# New Member getting started in MD



## Billsfanmd (Nov 17, 2016)

Always loved trains and seeing trains pull into old train stations. Several cool trains lines out in Western MD. My main hobby is pinball machines but figured why not have another. Want to start with a 4 x 8 track with a basic HO set to get started...an old station, some ore cars, maybe a small tunnel, small river and a old general store. Maybe a train set up you would see in the Twilight zone. Thinking the Bachman digital starter set on Amazon for 250. Anyway anyone have any advice or cool layout that depicts an old train stop in the middle of nowhere with a few things above.
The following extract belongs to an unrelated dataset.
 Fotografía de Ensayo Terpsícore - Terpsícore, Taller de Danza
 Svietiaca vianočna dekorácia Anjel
May add a christmas tree/theme for the holidays. 

I teach high school and there are actually a few students in a model railroad club. One says he specializes in weathering. So I'll prob add that down the road....Thx for any input.


----------



## Lehigh74 (Sep 25, 2015)

You live in Columbia, MD and you aren't thinking MTH???


----------



## Billsfanmd (Nov 17, 2016)

Sorry what's mth ? 

Oh the train store. Saw that on line. Good place to go ?


----------



## Lehigh74 (Sep 25, 2015)

I don't know much about their HO line. Their O gauge line gives you the best bang for the buck in my opinion. I was just thinking that if you ever had to return a problem engine to the manufacturer for service, you couldn't get much closer.

http://mthtrains.com/productline/MTH-HO


----------



## Lehigh74 (Sep 25, 2015)

Here’s a thread you might want to check out. It’s not HO, it’s not a quiet town and it’s not Willoughby, but it’s got the small stream, a few tunnels, and an old timey station.
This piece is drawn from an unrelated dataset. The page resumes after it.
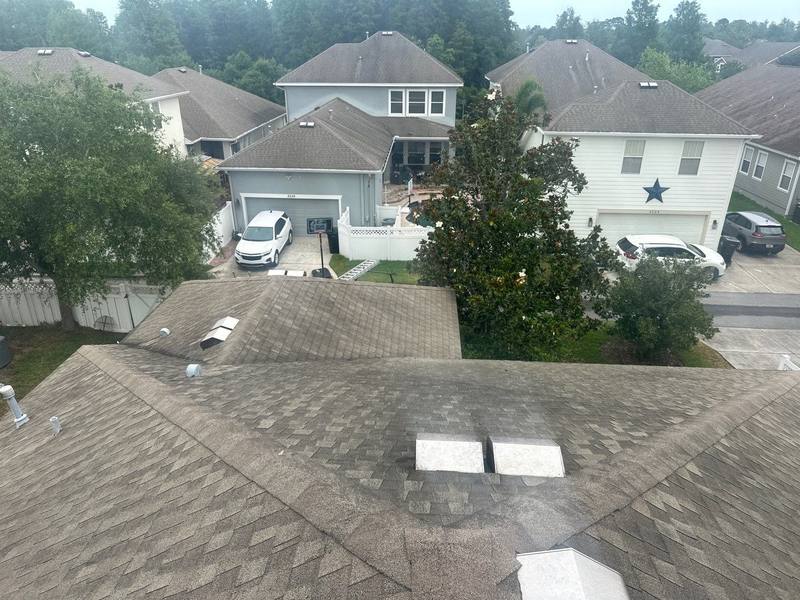 roofing project near Palladio Dr in New Port Richey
http://www.modeltrainforum.com/showthread.php?t=71042


----------



## Billsfanmd (Nov 17, 2016)

Thx. Willoughby is a great way to describe what I want.


----------



## DonR (Oct 18, 2012)

If you are going with HO consider a 5 X 8 or 9 foot
benchwork. That extra width permits wider radius curves
that makes running some of the larger locomotivs and
long cars easier.

Most of us would not want any 'starter ' train set mainly
because they come with track that is not compatible with
most HO tracks and turnouts. It's mounted on it's own
roadbed and cannot easily connect to track accessories
of another makes. You are limited to ONLY what that
maker sells.

For the layout you mention, a Bachmann EZ DCC controller
would be sufficient. It is fully compatible with other
make decoders but it does not have the ability to
fine tune loco decoders. The DCC systems offered
by NCE, Digitrax and MRC can do the fine tuning but
are a tad more expensive.

Don


----------



## Lemonhawk (Sep 24, 2013)

"Willoughby, Willoughby, next stop Willoughby". Was this Willoughby Ohio it was referencing in the Twilight Zone? The name just sort of rolls off the tongue! Would make a good name no matter where it is.


----------



## Billsfanmd (Nov 17, 2016)

Lemonhawk said:


> "Willoughby, Willoughby, next stop Willoughby". Was this Willoughby Ohio it was referencing in the Twilight Zone? The name just sort of rolls off the tongue! Would make a good name no matter where it is.


From what I have read it was based on towns in CT, as the other stops called out on the episode are all real stops in CT. But Willoughby, Ohio is the only town in the US with that name...Would make a great depot on my HO set.


----------